* [The problem]: Would you reproduce each line below exactly, leaving every picture out?

** Data extract follows **

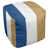 Bleu royal / blanc / or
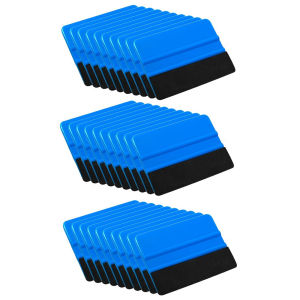 Durable Felt Edge Vinyl Squeegee Tool 4-Inch Car Vinyl Film Wrapping Scraper Window Tint Tool Professional Scratch Free Squeegee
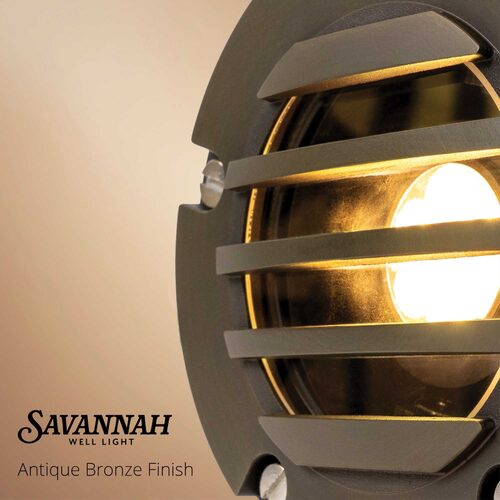 4.75" Savannah Landscape Well Light with Gravel Guard, Antique Bronze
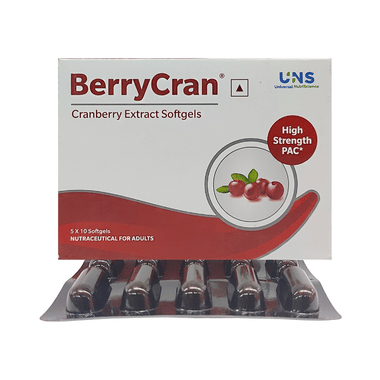 Berrycran High Strength Cranberry Extract Softgel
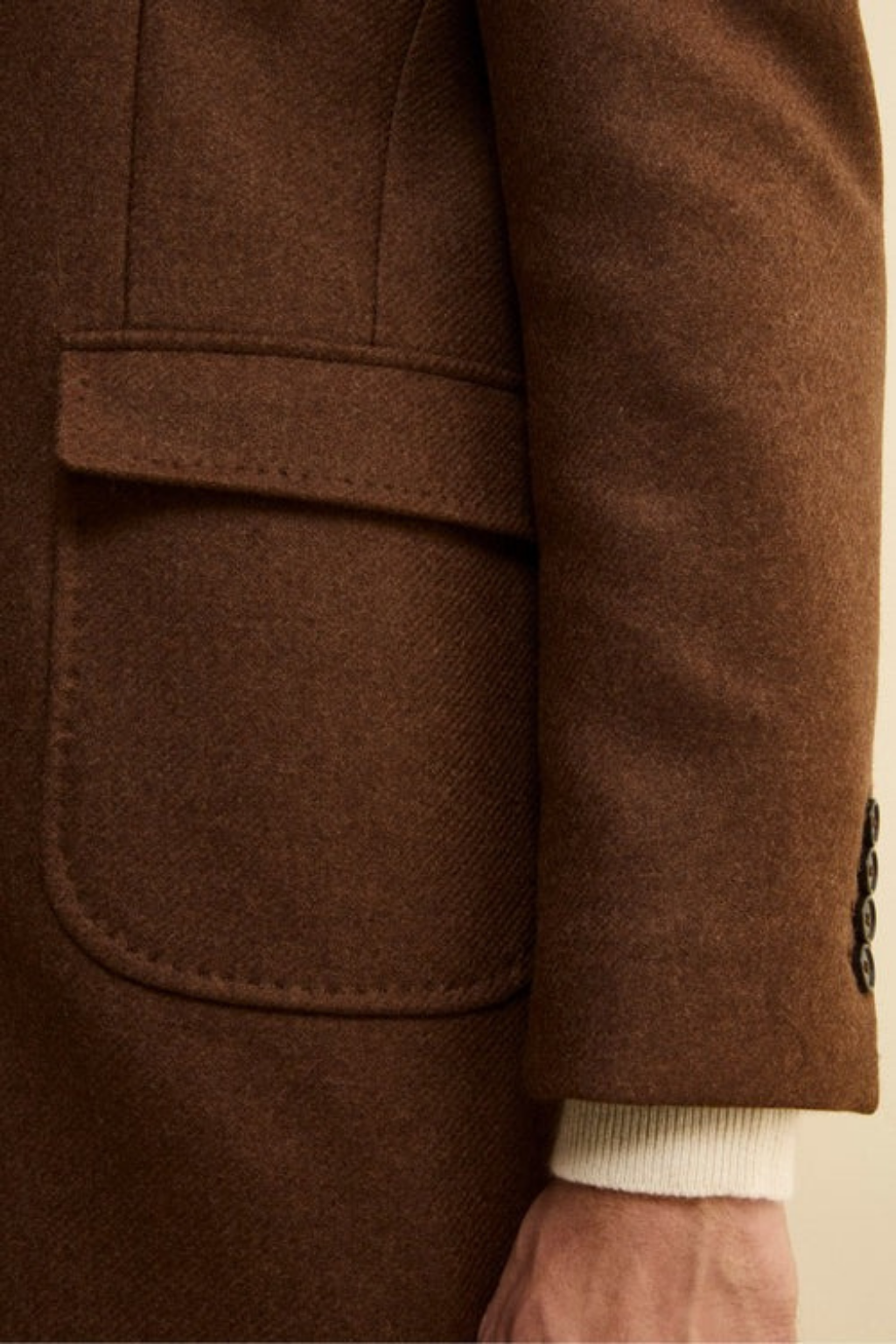Men Brown wool Coat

** End of Data extract **

* [Exercise response]:
 Bleu royal / blanc / or
 Durable Felt Edge Vinyl Squeegee Tool 4-Inch Car Vinyl Film Wrapping Scraper Window Tint Tool Professional Scratch Free Squeegee
 4.75" Savannah Landscape Well Light with Gravel Guard, Antique Bronze
 Berrycran High Strength Cranberry Extract Softgel
Men Brown wool Coat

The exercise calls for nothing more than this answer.